Si dimanche, lors du prochain sommet, on annonce une augmentation de la cote part des investisseurs privés, à 40 ou 50%, je crains le pire, et je ne suis pas le seul. L'Allemagne me donne souvent l'impression de courir avec une torche, les yeux bandés, dans un magasin de poudre.
Aujourd'hui, qui possède les 350 milliards de la dette grecque? 141 milliards sont détenus par les investisseurs grecs eux-mêmes (banques, assurances, caisses de retraites ...), 120 milliards sont entre les mains de la banque de la BCE, du FMI et l'UE, et 89 milliards entre les mains des investisseurs des banques et assurances non grecques.
Que révèlent ces chiffres? Que ce sont les Grecs qui supporteront l'essentiel d'une décote supérieur à 20%. On risque d'assister à un effondrement du système financier grec, qui n'a pas les moyens d'être sauvé par l'Etat grec, qui est ruiné, et un effondrement des caisses de retraites. (Je précise qu'il s'agit bien d'un système par répartition et non pas par capitalisation.

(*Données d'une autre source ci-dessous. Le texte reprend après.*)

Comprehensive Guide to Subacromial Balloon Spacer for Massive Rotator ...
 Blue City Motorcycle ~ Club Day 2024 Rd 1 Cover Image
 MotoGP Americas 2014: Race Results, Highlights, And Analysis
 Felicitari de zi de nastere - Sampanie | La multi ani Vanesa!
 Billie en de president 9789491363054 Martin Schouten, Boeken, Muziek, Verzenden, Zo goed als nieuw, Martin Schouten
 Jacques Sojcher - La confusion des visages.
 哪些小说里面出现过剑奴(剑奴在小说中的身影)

L'argent des caisses, y compris en France, est placé sur les marchés. Les retraités grecs, qui ont déjà perdu leur 13e, voire 14e mois de retraite, risquent de perdre bien plus dans cette affaire.
Sur le long terme, et c'est là que les 17 Etats de la zone euro sont attendus: il faut annoncer aux opinions publiques, et aux marchés, dans quelle direction on va, au-delà des mesures de sauvetage que l'on accumule depuis deux ans.
Aujourd'hui, il est clair que l'euro, monnaie unique, ne peut pas survivre avec 17 politiques économiques et budgétaires indépendantes et souveraines, mais est-on prêt à créer une fédération avec un gouvernement européen légitime?
Ce que réclament les marchés depuis le début de la crise, c'est en fait la création des Etats Unis d'Europe, au moins dans le domaine économique afin d'être certain qu'on ne laissera plus une nouvelle Grèce advenir. Est-on prêt dès dimanche? J'ai un sérieux doute.
Étoffe des euros: La baisse de l'euro sur le marché des changes pourrait-elle favoriser la croissance en Europe (en dopant les exportations)? Comment l'obtenir?
L'euro faible est une marotte française. Une sorte de baguette magique qui va régler nos problèmes. Il ne faut pas perdre de vue que l'Union européenne fait les quatre cinquièmes de son commerce entre pays membres.
En outre, l'expérience allemande montre que c'est la qualité des produits qui prime sur la valeurs de la monnaie. On préfère toujours payer un peu plus chère une BMW qu'une Subaru. Une baisse de l'euro serait la bienvenue, mais, à mon avis, ce n'est pas la martingale que certains y voit.
Je vous rappelle que l'euro a été introduit le 1er janvier 99 à 1,17 dollars. Il est, douze ans plus tard, à 1,36 dollars, et on juge la parité «normale» à environ 1,20 dollars. On ne peut pas dire que l'euro soit aussi massivement surévalué que certains le prétendre.